We then performed functional enrichment analyses on genes involved in eQTL present in these two loci against the whole set of genes involved in TEV-cis-eQTLs. This analysis confirmed the enrichment in molecular functions and biological processes related to the immune response (such as MHC class II receptor activity and peptide antigen binding) and to neuronal activity, memory, behavior and neurological and neurodegenerative diseases (Fig. 2c). Considering that these enrichments are only due to primate-specific TEs (Alu and SVA), these results suggest a potential involvement of the activity of these TE classes in the diversification of primate- and human-related immune and CNS features. The association between the immune and the nervous systems has already been proposed at the genic level by the observation that increased brain size in mammals is also associated with size variation in gene families involved in the immune system . We therefore speculate that primate-specific TEVs, could have contributed to both the recent evolution and phenotypic differences among individuals of immunity-related and behavioral traits.
We decided also to assess whether specific chromosome bands result enriched for tissue-specific eQTL. To this aim, we downloaded the SNP-based eQTL data from the GTEx project (V7), which comprise associations from 44 human tissues belonging to 449 donors. We then counted the number of SNP-based cis-eQTLs found in each karyotype band for each tissue. Strikingly, while for almost all tissues, the loci on chromosome 6 were the top enriched in eQTL, the locus 17q21.31 was the top enriched in eQTLs specifically for the brain (Fig. 3). This gives support to the idea that variations in 17q21.31 are probably linked to cognitive phenotypes.

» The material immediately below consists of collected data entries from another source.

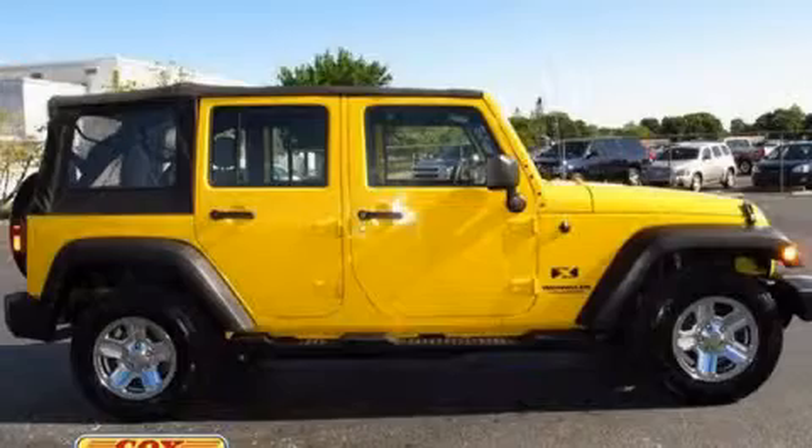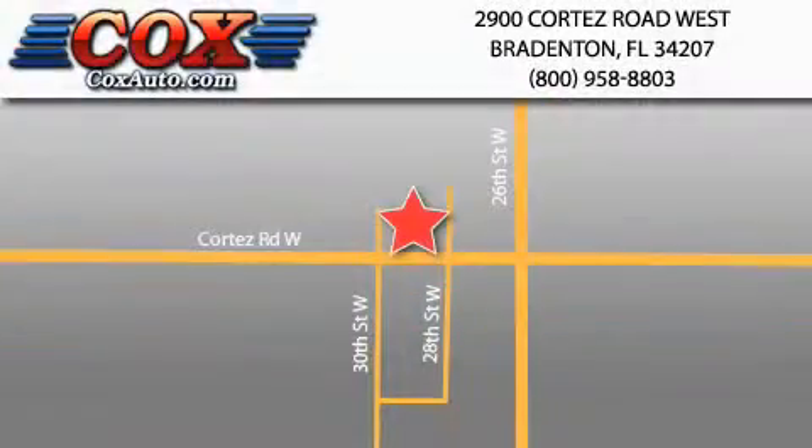This vehicle won't last long at this price — call and arrange a test drive now. Be sure to take advantage of our first year complimentary basic maintenance on every pre-owned vehicle purchased from Cox Automotive.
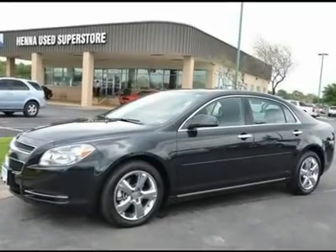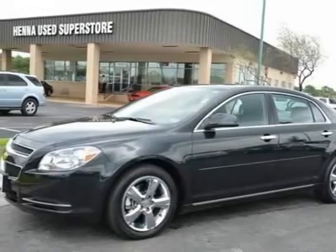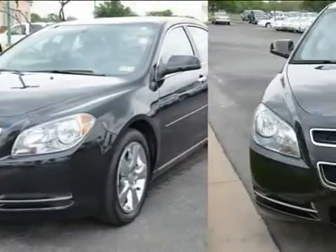EcoTec 2.4 Li4S FIDOHC. No games, just business. Do you want it all, especially outstanding fuel economy?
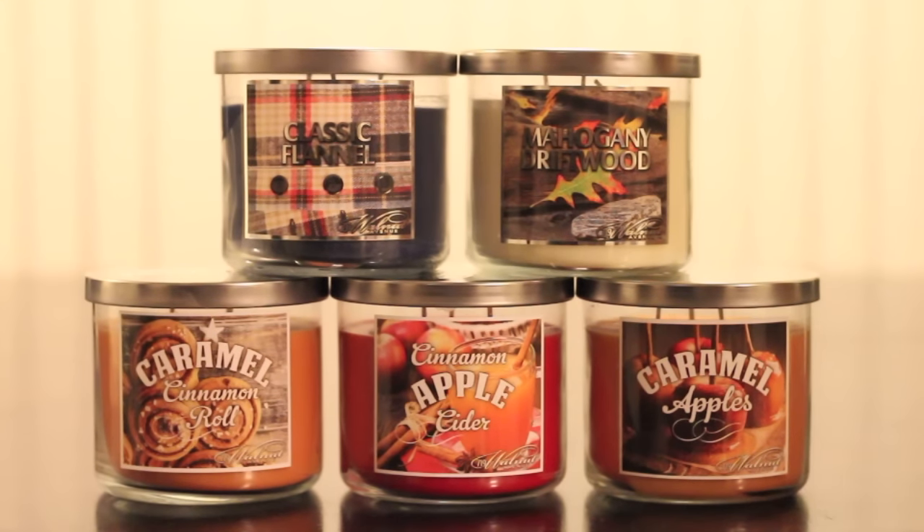I wanted to start by saying that these can be purchased at Walmart. Right now the price point is $4.93 — what a steal! You can locate them in the cleaning aisle section, specifically where the Glade and Airwick products are. I think that's all for now, so let's get started.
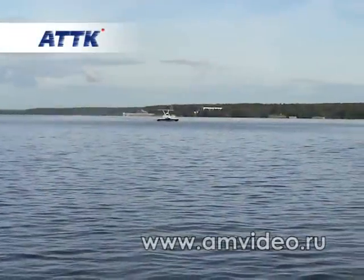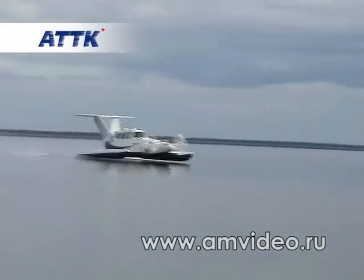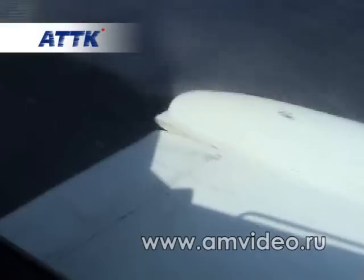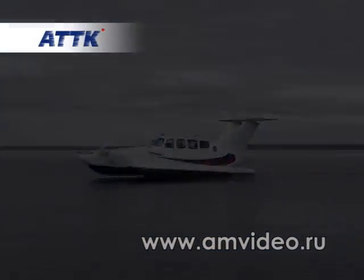Look, some wondercraft is moving very fast above the water's surface. What is it? Airplane? Speedboat? No, this is neither the one nor the other. It's a chronoplank — a high-speed, wind and ground effect craft.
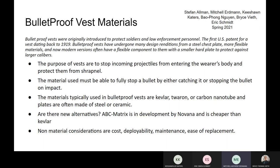There are also some new alternatives being created. The ABC matrix is in development by Novana and is meant to be cheaper than Kevlar. It is supposed to be created out of recycled plastic and metals, which should hopefully be much cheaper and more effective than Kevlar.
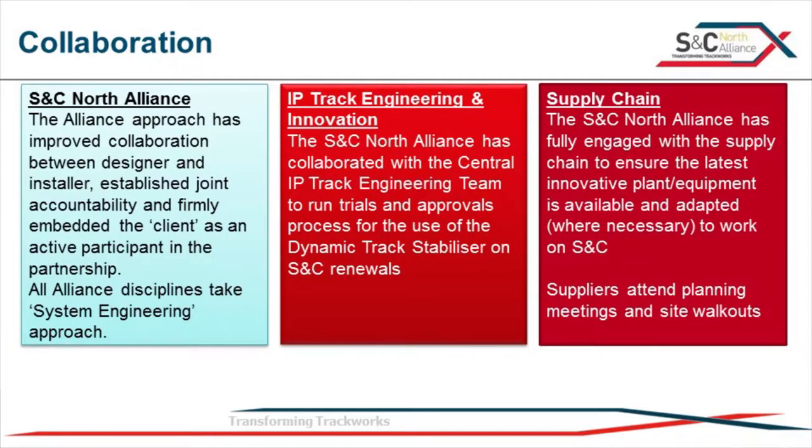So progressive assurance and getting it right first time is one of the tools we use to get the track in at high quality - but it's so much more than that. It's also about collaboration. The alliance - both alliances do the same - our design teams, production teams, engineering teams, management, we all work together. We're in the same offices, so we can have constructability reviews and understand whether a design is going to work. If our S&T guys aren't talking to our LE guys, aren't talking to our P-Way guys, we don't stand a chance. We use a systems engineering approach.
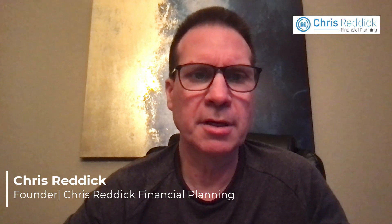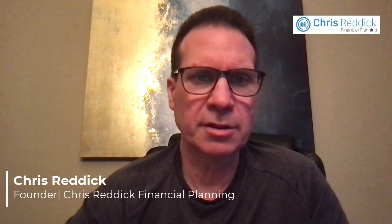Hi, this is Chris Reddick with Chris Reddick Financial Planning. In this blog post I talk about the pillars of a successful retirement under TRS, or the Teachers Retirement System of Texas.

Relative contribution of polymorphic SVAs to TEV-cis-eQTLs is significantly higher with respect to L1 s and Alus
We then explored the relative contributions of the three different element classes (L1, Alu and SVA) to the identified cis-eQTLs to understand whether a specific class is more frequently associated to changes in gene expression. Overall, Alu-derived TEVs provide the greatest number of cis-eQTL by far, consistently with their substantially higher number of copies in the human genome. However, the proportion of class-specific TEs resulting in TEV-cis-eQTLs is significantly higher for SVA compared to both Alu and L1 variants (Fisher test, p < 0.0001) (Fig. 4a). The same enrichment is found when performing the same analysis on cis-eQTLs extracted from Wang et al. . This result suggests a stronger effect of SVA in generating phenotypic variation in humans with respect to what was previously thought. On the other hand, both the proportion of Alus and L1 s associated to eQTLs are either not significantly enriched or even depleted with respect to the entire set of TEV-ES.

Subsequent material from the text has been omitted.